March 18, 2023 Leave a Reply

The Oscar winner’s latest triumph is her portrayal of Nora Helmer in ‘A Doll’s House,’ which almost didn’t happen.

NEW YORK — Jessica Chastain hadn’t been in a play in so long that the thought of it filled her with dread. “It was just crazy because I started in theater,” said the Juilliard graduate, now 45, and a mom, and an Oscar winner and at that point in a career when an actor can call her own shots.

So a supportive friend, James McAvoy, who toggles between stage and screen, connected her with British director Jamie Lloyd. He, like Chastain, has his own production company, except his is geared toward plays and hers, Freckle Films, makes movies, like “The Eyes of Tammy Faye,” the picture that won her a 2022 Academy Award. “He goes, ‘Why aren’t you doing any theater?’” she said of Lloyd. “And I’m like, ‘Oh, I’m just very scared.’”

The admission was an icebreaker, because it commenced a discussion about what stage project they might attempt to bring her back, a spitballing that began with “The Duchess of Malfi” and “Summer and Smoke” in London, and eventually settled on “A Doll’s House” on Broadway. The confidence and trust that developed between them calmed Chastain’s nerves — and led to an assured, austere revival of Ibsen’s 1879 play, a recently opened production that is a hit with critics and poised for commercial success.

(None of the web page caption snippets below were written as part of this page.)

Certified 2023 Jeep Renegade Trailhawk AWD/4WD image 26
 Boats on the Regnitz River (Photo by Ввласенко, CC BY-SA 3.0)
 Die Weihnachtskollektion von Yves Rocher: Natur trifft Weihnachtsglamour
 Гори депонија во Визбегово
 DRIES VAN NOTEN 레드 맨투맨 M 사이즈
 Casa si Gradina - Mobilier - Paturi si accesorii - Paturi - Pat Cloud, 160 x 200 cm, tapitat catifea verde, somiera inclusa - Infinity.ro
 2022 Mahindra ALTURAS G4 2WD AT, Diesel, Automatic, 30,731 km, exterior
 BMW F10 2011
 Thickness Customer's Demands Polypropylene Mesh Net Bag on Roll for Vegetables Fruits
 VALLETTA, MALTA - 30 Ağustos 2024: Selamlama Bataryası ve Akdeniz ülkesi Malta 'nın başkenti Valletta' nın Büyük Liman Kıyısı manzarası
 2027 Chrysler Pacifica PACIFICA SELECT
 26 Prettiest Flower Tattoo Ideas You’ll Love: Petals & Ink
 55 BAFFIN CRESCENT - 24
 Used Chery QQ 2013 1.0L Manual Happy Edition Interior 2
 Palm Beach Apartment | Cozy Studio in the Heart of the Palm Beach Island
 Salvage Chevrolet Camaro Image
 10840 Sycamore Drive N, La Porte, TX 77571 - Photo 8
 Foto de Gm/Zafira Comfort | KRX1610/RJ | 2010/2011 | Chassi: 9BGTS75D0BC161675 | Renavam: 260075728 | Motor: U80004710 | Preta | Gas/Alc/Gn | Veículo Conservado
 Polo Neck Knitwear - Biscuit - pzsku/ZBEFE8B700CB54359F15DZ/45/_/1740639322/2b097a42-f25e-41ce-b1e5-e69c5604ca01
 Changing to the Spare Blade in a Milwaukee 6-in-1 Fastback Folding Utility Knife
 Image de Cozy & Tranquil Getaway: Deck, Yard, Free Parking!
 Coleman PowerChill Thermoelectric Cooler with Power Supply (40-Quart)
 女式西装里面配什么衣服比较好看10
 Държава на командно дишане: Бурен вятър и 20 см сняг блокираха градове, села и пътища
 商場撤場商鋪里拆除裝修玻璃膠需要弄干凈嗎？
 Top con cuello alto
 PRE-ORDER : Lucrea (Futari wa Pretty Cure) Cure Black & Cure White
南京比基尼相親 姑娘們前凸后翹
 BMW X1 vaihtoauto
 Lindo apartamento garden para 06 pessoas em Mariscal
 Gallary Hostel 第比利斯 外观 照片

“I just felt so inspired about the way that he sees the world,” Chastain observed about Lloyd, as she sat sipping water recently at Freckle Films’s office in Chelsea. As Lloyd recalled, it was Chastain who suggested “A Doll’s House.” Lloyd said he looked at many versions before commissioning playwright Amy Herzog to write a new one that he would stage with virtually no embellishments — just actors in dark colors, and chairs on a revolving set.

“When it’s just actors in space, the connection between them in space, you see things from a different point of view,” the director said by phone. “You literally see them from a different perspective.”

Whatever allayed Chastain’s trepidation, it was a boon for Broadway, paving the way for a buzzworthy star turn in a season sorely in need of them. Chastain’s only previous Broadway role was a decade ago, in a revival of “The Heiress.”